Calm and peaceful: an outstanding example of how complicated emotions get quickly. Try an exercise with me. Take a deep breath and focus on the word calm—can you curate a sense of calm? Do you feel it in your bones? In your breath? In your soul?

Maybe. Maybe not. A good deal depends on my surroundings, on the shape of my day, and the circumstances of my moments. But wait—peace is a fruit of the Spirit. Is something wrong with me when I find it hard to come by? A good theological answer would be that we experience the fruit of the Spirit through Christ in us; it is not dependent on ourselves or our feelings.

And that is a good answer, but perhaps too simple. We are left with the question What of anxiety or fear or sadness? Does God care how I feel? Or is this an area of life where He is strangely absent? When I feel fear or anxiety, am I further from Christ than in the expressions of peace and joy?

This is a rabbit hole, without complete answers, intentionally.

Gifts from Your Creator

Let me first assure you that nothing can separate us from the love of Christ Jesus (Romans 8). God is not far from you, no matter what you feel.

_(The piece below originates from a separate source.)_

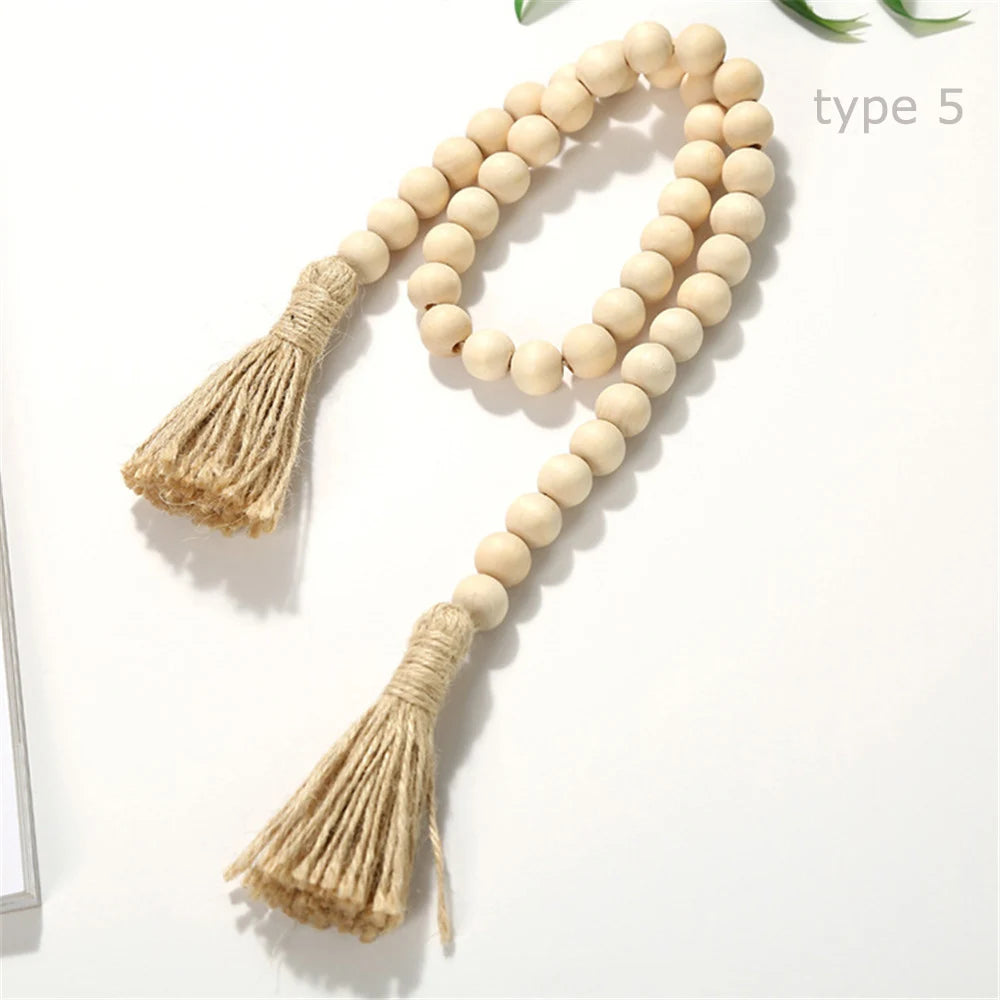 Handcrafted Natural Wood Bead Garland with Tassels for Boho & Farmhouse Decor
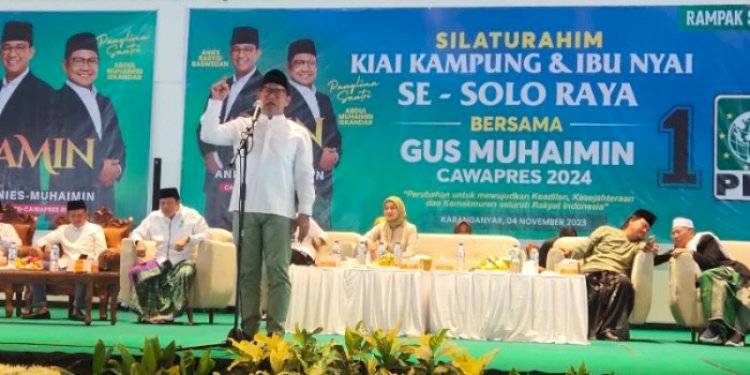 Bakal cawapres dari Koalisi Perubahan,  Muhaimin Iskandar saat memberikan orasi politiknya di Karanganyar. RMOL Jateng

Our emotions often take the blame for our sense of overwhelm in this broken world. And there will always be overwhelm until Jesus comes back. Life is full of lots to sort, full of senses and feelings, with an overload of information for our bodies and minds to interpret.

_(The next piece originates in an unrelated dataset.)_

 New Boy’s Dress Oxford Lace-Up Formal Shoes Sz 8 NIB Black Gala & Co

What if, instead, our emotions were held as good gifts of our Creator—all of them, or at least most of them? We can certainly use emotions and twist them. We can weaponize them against others and against ourselves. We can excuse any manner of behavior with them, but does that make emotions the problem? Or is what we do with them the problem?

Emotions themselves are part of God’s creation. He knit those emotions into us in the beginning. In fact, God is emotional. But emotions are good not because of how we experience them but because God experiences them. They connect us to Him in mysterious and beautiful ways we don’t completely understand.

When we feel an emotion, we don’t have to wonder if it is “good” based on how it feels to us or even the information it gives us.

Emotions Are Good

Emotions are good because they are part of God. They are another way God graciously shares Himself with us. 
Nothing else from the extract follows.